*** Begin section ***

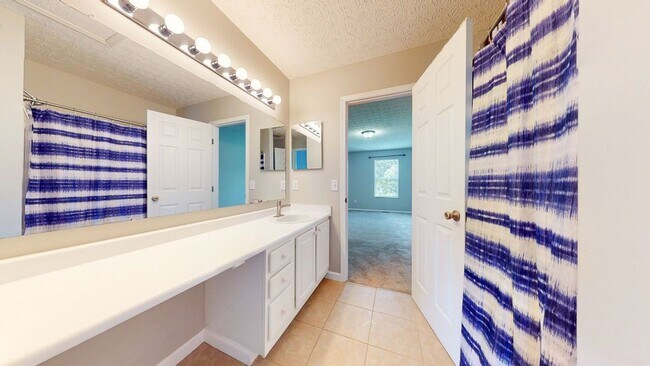Building Photo - 6752 Lagrange Dr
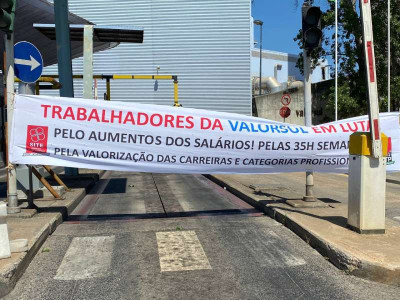 Faixa à entrada da Valorsul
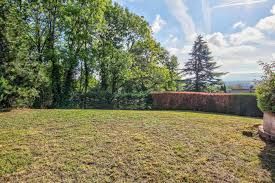 Agréable terrain constructible viabilisé de 320m2 en vente à LES CHAPELLES-BOURBON (77610)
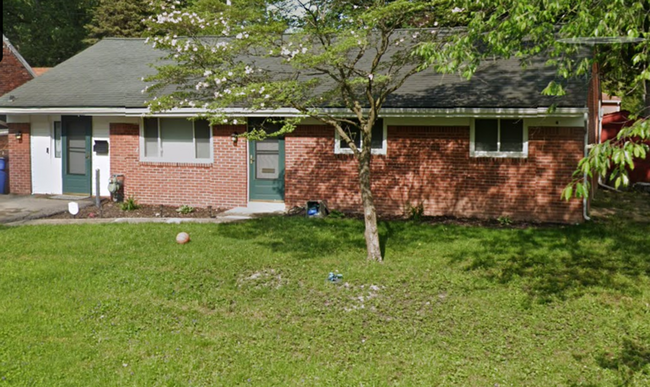 Primary Photo - Spacious 3 Bedroom 1.5 Bath Located in Was...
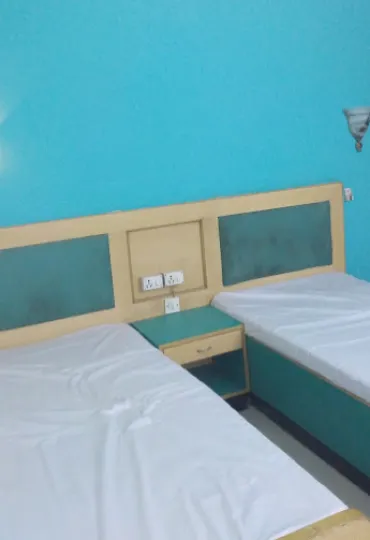 Vardhman Girls' PG in Karol Bagh New Delhi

*** End section ***

» Exercise prompt
Everything from the line with "Faixa à entrada da Valorsul" through the end of the records is to be repeated exactly. The pictures are not.

» Solution for this exercise
 Faixa à entrada da Valorsul
 Agréable terrain constructible viabilisé de 320m2 en vente à LES CHAPELLES-BOURBON (77610)
 Primary Photo - Spacious 3 Bedroom 1.5 Bath Located in Was...
 Vardhman Girls' PG in Karol Bagh New Delhi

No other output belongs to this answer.